Really excited to see this come out! I’m in generally very excited to see work trying to make mechanistic interpretability more rigorous/coherent/paradigmatic, and think causal scrubbing is a pretty cool idea, though have some concerns that it sets the bar too high for something being a legit circuit. The part that feels most conceptually elegant to me is the idea that an interpretability hypothesis allows certain inputs to be equivalent for getting a certain answer (and the null hypothesis says that no inputs are equivalent), and then the recursive algorithm to zoom in and ask which inputs should be equivalent on a particular component.
I’m excited to see how this plays out at REMIX, in particular how much causal scrubbing can be turned into an exploratory tool to find circuits rather than just to verify them (and also how often well-meaning people can find false positives).
This sequence is pretty long, so if it helps people, here’s a summary of causal scrubbing I wrote for a mechanistic interpretability glossary that I’m writing (please let me know if anything in here is inaccurate)
Redwood Research have suggested that the right way to think about circuits is actually to think of the model as a computational graph.

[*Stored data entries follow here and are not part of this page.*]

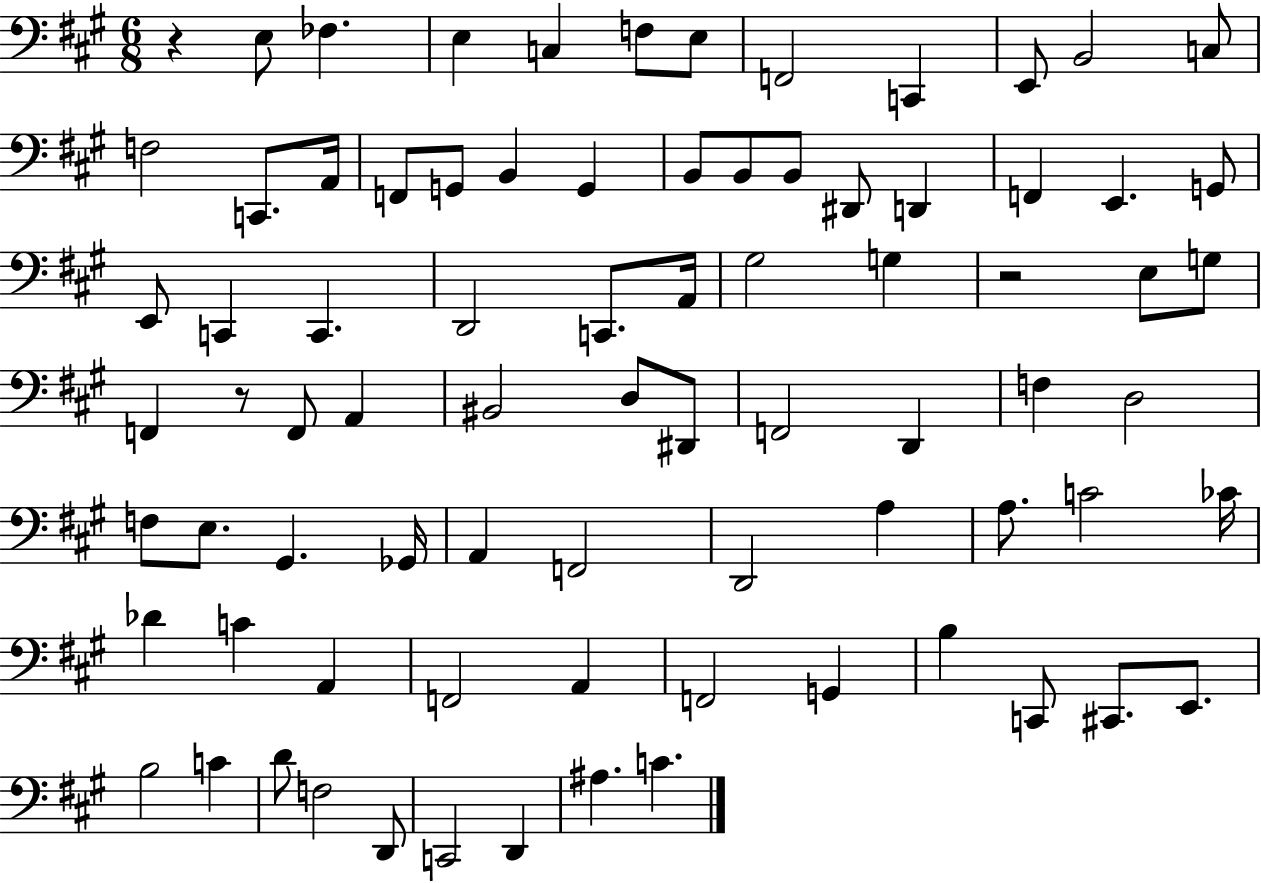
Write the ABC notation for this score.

X:1
T:Untitled
M:6/8
L:1/4
K:A
z E,/2 _F, E, C, F,/2 E,/2 F,,2 C,, E,,/2 B,,2 C,/2 F,2 C,,/2 A,,/4 F,,/2 G,,/2 B,, G,, B,,/2 B,,/2 B,,/2 ^D,,/2 D,, F,, E,, G,,/2 E,,/2 C,, C,, D,,2 C,,/2 A,,/4 ^G,2 G, z2 E,/2 G,/2 F,, z/2 F,,/2 A,, ^B,,2 D,/2 ^D,,/2 F,,2 D,, F, D,2 F,/2 E,/2 ^G,, _G,,/4 A,, F,,2 D,,2 A, A,/2 C2 _C/4 _D C A,, F,,2 A,, F,,2 G,, B, C,,/2 ^C,,/2 E,,/2 B,2 C D/2 F,2 D,,/2 C,,2 D,, ^A, C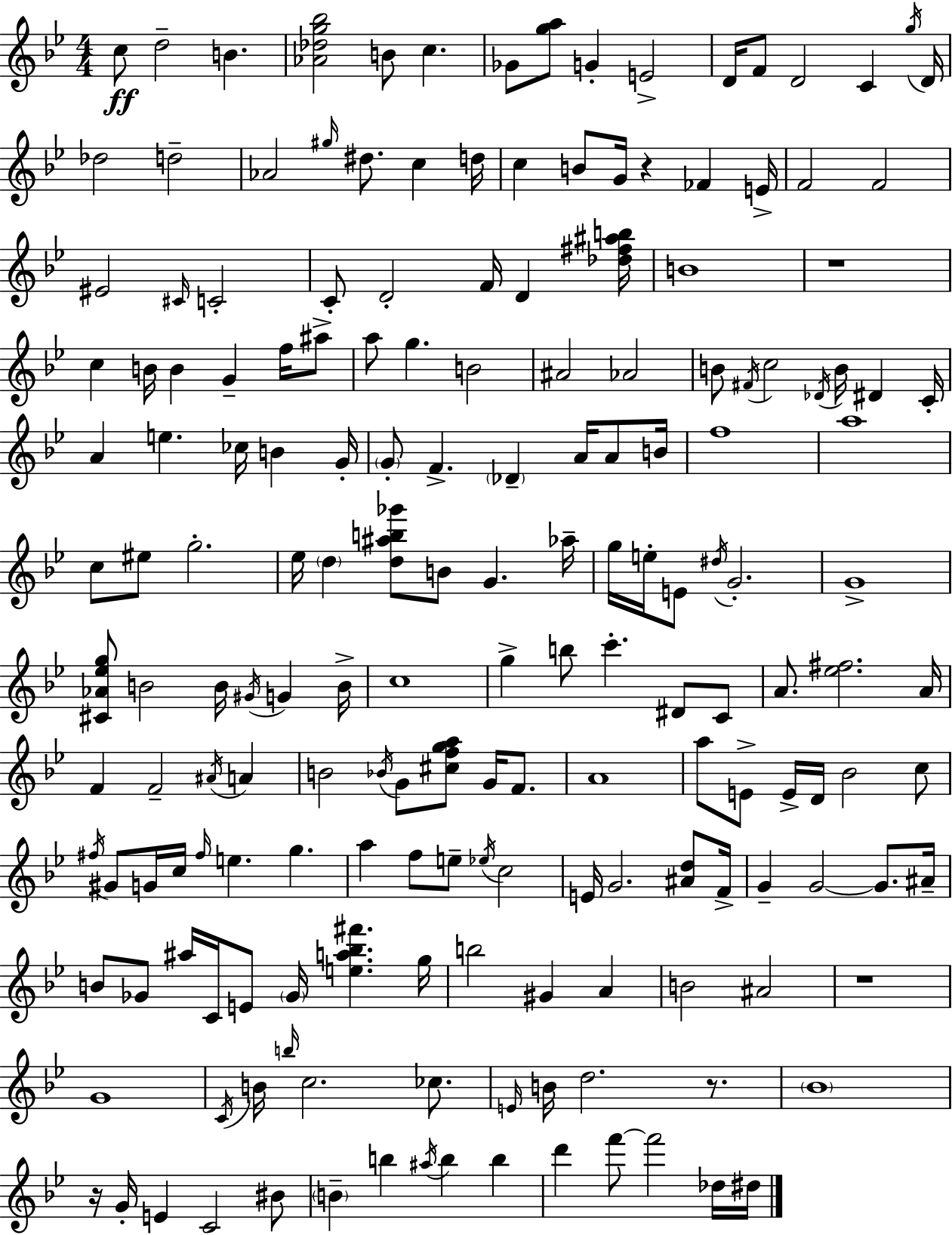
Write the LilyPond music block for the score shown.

{
  \clef treble
  \numericTimeSignature
  \time 4/4
  \key g \minor
  c''8\ff d''2-- b'4. | <aes' des'' g'' bes''>2 b'8 c''4. | ges'8 <g'' a''>8 g'4-. e'2-> | d'16 f'8 d'2 c'4 \acciaccatura { g''16 } | \break d'16 des''2 d''2-- | aes'2 \grace { gis''16 } dis''8. c''4 | d''16 c''4 b'8 g'16 r4 fes'4 | e'16-> f'2 f'2 | \break eis'2 \grace { cis'16 } c'2-. | c'8-. d'2-. f'16 d'4 | <des'' fis'' ais'' b''>16 b'1 | r1 | \break c''4 b'16 b'4 g'4-- | f''16 ais''8-> a''8 g''4. b'2 | ais'2 aes'2 | b'8 \acciaccatura { fis'16 } c''2 \acciaccatura { des'16 } b'16 | \break dis'4 c'16-. a'4 e''4. ces''16 | b'4 g'16-. \parenthesize g'8-. f'4.-> \parenthesize des'4-- | a'16 a'8 b'16 f''1 | a''1 | \break c''8 eis''8 g''2.-. | ees''16 \parenthesize d''4 <d'' ais'' b'' ges'''>8 b'8 g'4. | aes''16-- g''16 e''16-. e'8 \acciaccatura { dis''16 } g'2.-. | g'1-> | \break <cis' aes' ees'' g''>8 b'2 | b'16 \acciaccatura { gis'16 } g'4 b'16-> c''1 | g''4-> b''8 c'''4.-. | dis'8 c'8 a'8. <ees'' fis''>2. | \break a'16 f'4 f'2-- | \acciaccatura { ais'16 } a'4 b'2 | \acciaccatura { bes'16 } g'8 <cis'' f'' g'' a''>8 g'16 f'8. a'1 | a''8 e'8-> e'16-> d'16 bes'2 | \break c''8 \acciaccatura { fis''16 } gis'8 g'16 c''16 \grace { fis''16 } e''4. | g''4. a''4 f''8 | e''8-- \acciaccatura { ees''16 } c''2 e'16 g'2. | <ais' d''>8 f'16-> g'4-- | \break g'2~~ g'8. ais'16-- b'8 ges'8 | ais''16 c'16 e'8 \parenthesize ges'16 <e'' a'' bes'' fis'''>4. g''16 b''2 | gis'4 a'4 b'2 | ais'2 r1 | \break g'1 | \acciaccatura { c'16 } b'16 \grace { b''16 } c''2. | ces''8. \grace { e'16 } b'16 | d''2. r8. \parenthesize bes'1 | \break r16 | g'16-. e'4 c'2 bis'8 \parenthesize b'4-- | b''4 \acciaccatura { ais''16 } b''4 b''4 | d'''4 f'''8~~ f'''2 des''16 dis''16 | \break \bar "|."
}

In a transformer, nodes are components of the model, ie attention heads and neurons (in MLP layers), and edges between nodes are the part of input to the later node that comes from the output of the previous node. Within this framework, a circuit is a computational subgraph—a subset of nodes and a subset of the edges between them that is sufficient for doing the relevant computation.

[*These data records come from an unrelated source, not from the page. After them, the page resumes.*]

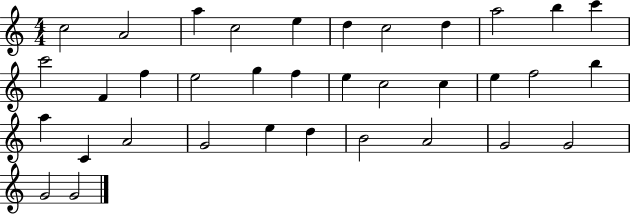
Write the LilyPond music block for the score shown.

{
  \clef treble
  \numericTimeSignature
  \time 4/4
  \key c \major
  c''2 a'2 | a''4 c''2 e''4 | d''4 c''2 d''4 | a''2 b''4 c'''4 | \break c'''2 f'4 f''4 | e''2 g''4 f''4 | e''4 c''2 c''4 | e''4 f''2 b''4 | \break a''4 c'4 a'2 | g'2 e''4 d''4 | b'2 a'2 | g'2 g'2 | \break g'2 g'2 | \bar "|."
}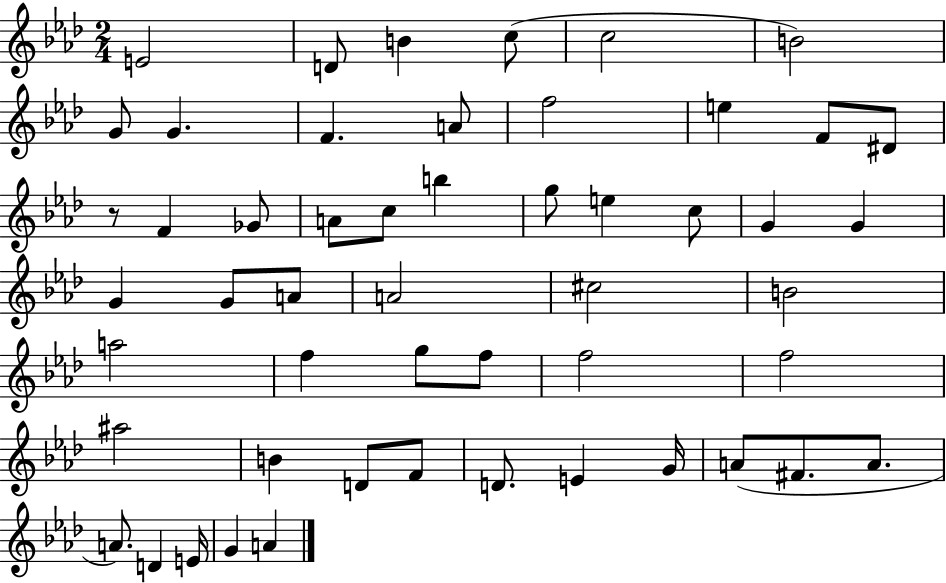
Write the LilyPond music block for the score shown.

{
  \clef treble
  \numericTimeSignature
  \time 2/4
  \key aes \major
  e'2 | d'8 b'4 c''8( | c''2 | b'2) | \break g'8 g'4. | f'4. a'8 | f''2 | e''4 f'8 dis'8 | \break r8 f'4 ges'8 | a'8 c''8 b''4 | g''8 e''4 c''8 | g'4 g'4 | \break g'4 g'8 a'8 | a'2 | cis''2 | b'2 | \break a''2 | f''4 g''8 f''8 | f''2 | f''2 | \break ais''2 | b'4 d'8 f'8 | d'8. e'4 g'16 | a'8( fis'8. a'8. | \break a'8.) d'4 e'16 | g'4 a'4 | \bar "|."
}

The key facts about transformer that make this framework work is that the output of each layer is the sum of the output of each component, and the input to each layer (the residual stream) is the sum of the output of every previous layer and thus the sum of the output of every previous component.
Note: This means that there is an edge into a component from every component in earlier layers
And because the inputs are the sum of the output of each component, we can often cleanly consider subsets of nodes and edges—this is linear and it’s easy to see the effect of adding and removing terms.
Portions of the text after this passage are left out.